Cadre institutionnel de coordination et de suivi de la coopération régionale en matière de politiques de développement et de sécurité, qui regroupe la Mauritanie, le Mali, le Burkina Faso, le Niger et le Tchad, le G5 Sahel ne semble pas être la réponse adéquate contre le terrorisme. Même si le Sénégal n’est pas membre du G5 Sahel, Macky Sall est conscient qu’aucun pays n’est à l’abri d’une attaque terroriste. «Les périls transcendent les frontières. En Afrique ou hors du continent, nous sommes tous menacés. Nous avons tous intérêt au maintien de la paix. Et pour maintenir la paix, faudrait-il d’abord la rétablir, pour ce qui concerne le Sahel. Et c’est l’un des défis qui s’oppose au multilatéralisme», disait-il au forum. C’est en ce sens que Macky Sall avait présidé une réunion sur le financement de la sécurité dans l’espace Uemoa. L’objectif était de voir comment mobiliser la somme de 500 millions de Dollars pour participer à la lutte contre le terrorisme.

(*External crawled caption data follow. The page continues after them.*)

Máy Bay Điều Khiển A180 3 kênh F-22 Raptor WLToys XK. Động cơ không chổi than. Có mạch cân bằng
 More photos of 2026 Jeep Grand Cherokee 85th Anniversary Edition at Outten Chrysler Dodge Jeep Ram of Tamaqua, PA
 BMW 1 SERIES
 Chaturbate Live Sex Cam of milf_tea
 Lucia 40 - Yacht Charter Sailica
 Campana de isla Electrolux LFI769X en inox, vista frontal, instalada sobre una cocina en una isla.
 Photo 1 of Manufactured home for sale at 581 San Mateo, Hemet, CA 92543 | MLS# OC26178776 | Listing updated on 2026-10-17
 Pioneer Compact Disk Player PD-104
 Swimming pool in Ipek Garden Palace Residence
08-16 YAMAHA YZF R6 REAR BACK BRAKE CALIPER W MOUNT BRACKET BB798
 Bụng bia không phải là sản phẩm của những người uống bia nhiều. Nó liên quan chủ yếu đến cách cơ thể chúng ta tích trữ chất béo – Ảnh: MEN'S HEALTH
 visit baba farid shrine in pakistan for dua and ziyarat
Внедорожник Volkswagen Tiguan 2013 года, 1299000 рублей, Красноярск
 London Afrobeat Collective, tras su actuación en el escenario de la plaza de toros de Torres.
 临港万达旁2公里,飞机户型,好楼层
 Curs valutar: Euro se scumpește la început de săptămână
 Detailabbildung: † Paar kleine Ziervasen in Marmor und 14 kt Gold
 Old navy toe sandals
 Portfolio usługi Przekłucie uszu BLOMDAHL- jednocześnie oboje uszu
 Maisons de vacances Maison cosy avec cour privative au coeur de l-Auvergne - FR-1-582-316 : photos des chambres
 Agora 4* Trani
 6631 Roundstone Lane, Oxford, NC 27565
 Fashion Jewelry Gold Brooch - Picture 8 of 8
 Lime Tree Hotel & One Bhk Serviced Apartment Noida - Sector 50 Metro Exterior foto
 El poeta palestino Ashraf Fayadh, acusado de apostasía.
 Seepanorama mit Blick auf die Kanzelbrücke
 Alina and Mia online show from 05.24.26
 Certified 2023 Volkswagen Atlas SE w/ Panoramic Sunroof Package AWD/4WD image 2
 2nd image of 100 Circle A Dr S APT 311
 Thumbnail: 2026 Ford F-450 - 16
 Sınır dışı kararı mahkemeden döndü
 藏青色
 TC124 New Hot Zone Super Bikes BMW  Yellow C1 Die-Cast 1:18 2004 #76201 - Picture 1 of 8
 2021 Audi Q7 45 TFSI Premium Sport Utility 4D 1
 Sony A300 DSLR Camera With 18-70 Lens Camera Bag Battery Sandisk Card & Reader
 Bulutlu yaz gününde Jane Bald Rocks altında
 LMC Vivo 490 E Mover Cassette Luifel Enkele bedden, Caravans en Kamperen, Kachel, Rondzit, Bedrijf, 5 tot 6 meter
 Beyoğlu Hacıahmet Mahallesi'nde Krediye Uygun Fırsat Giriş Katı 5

Pour le chef de l’Etat Macky Sall, par ailleurs président du Comité de haut niveau sur la sécurité et la paix de l’Uemoa, «c’est une question de vie ou de mort». Mais cet engagement de Macky Sall cache surtout, selon toujours le journaliste Cheikh Yérim Seck, «une volonté du Sénégal d’exister à nouveau, après avoir commis l’erreur d’avoir été inexistant au sein du G5 Sahel». Une sous-région où le Sénégal semble être un maillon solide. De l’avis du journaliste et analyste politique, Babacar Justin Ndiaye, le Sénégal a une carte à jouer au Sahel pour lui-même et pour l’Afrique de l’Ouest. Il dit : «Si le Mali s’affaisse, toute la région de Kayes se déversera dans la région de Tambacounda. Avec deux ou trois millions de personnes subitement réfugiées sur son sol, le Sénégal dira adieu aux rêves d’émergence et sombrera dans les cauchemars… du naufrage économique. Sans parler du possible dynamitage du barrage de Manantali par des islamistes allergiques aux fleurons d’une certaine technologie occidentale.»